I wish I had been right. Tall Boy reappears, first in the trunk of a car of Joe Miller, the former-criminal/honest-family-man/criminal again protagonist. Joe has misgivings about the situation that are solidified when they end up at the docks, and Tall Boy gets his face pushed into a propeller to ostensibly teach him a lesson, but the lesson isn’t meant for him. It’s meant for Joe; it’s meant for us.

The lesson is this: the characters that used his body as a demonstration of violence are incredibly terrible dudes, just as the gang in the back of the Chinese restaurant were terrible dudes in the first episode, as they pushed a nameless, objectified man face-first into a deep fryer—a demonstration of evil, powerful men, in control of other people’s bodies.

This is a long way of demonstrating something that is a painful, unavoidable truth of The Detail: that it primarily uses minority characters as a method of advancing a plot mainly overseen, narrated by, and pathed out by a white cast. Beneath “New Game” and “Options” on the game’s menu is “The Board,” a bulletin board curated into three categories: Law Enforcement, Criminals/Suspects, and Civilians. Tyrone, Reggie’s partner, is the sole black cop: he grew up in the projects alongside William, the sole black civilian. While Tyrone became a cop, William remained; the former’s hobbies are listed as jogging and Sudoku, while the latter apparently enjoys “keeping the crackheads out of his apartment.”
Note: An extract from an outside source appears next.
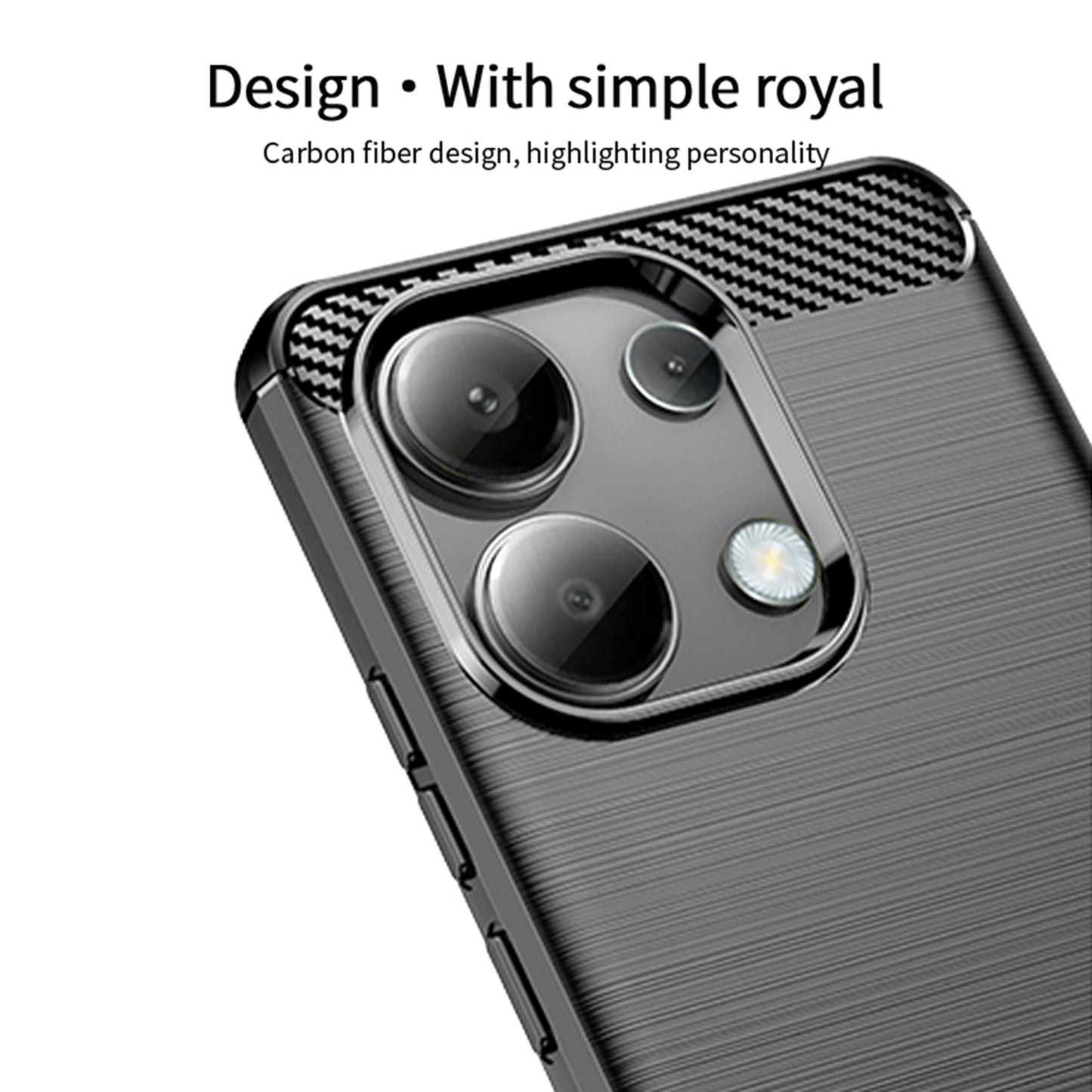 MOFI JK TPU Series-1 For Xiaomi Redmi Note 13 4G TPU Phone Case Carbon Fiber Texture - Red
Tyrone, Reggie’s partner, is the sole black cop 

The criminals go by names like Threeways and Big Felipe. The only white characters are those at the top of their food chains, the ones embroiled in the game’s mystery, playing black and Hispanic gangs against each other as though they were pawns. “Mikhail,” the game’s antagonist, is a mysterious mastermind who would fit in as a Bond villain, a presumed American—white—masquerading as a Ukrainian. This isn’t some reflection of society; this is a world wherein characters with agency are given a skin color that brings with it the very privilege of agency itself. They are granted serious dossiers with serious hobbies, the chance to star in a lopsided drama that, as it continues, seems to miss whatever positives could have come out of The Wire’s stark portrayal of society and life. The comparison and homage is a rose-colored mirror that reflects the cop drama, and less so the reality and responsibility. If The Wire was a conversation with an audience about culture and society, The Detail seems content to converse only with other fans of the show; to speak in excited tones about their favorite parts.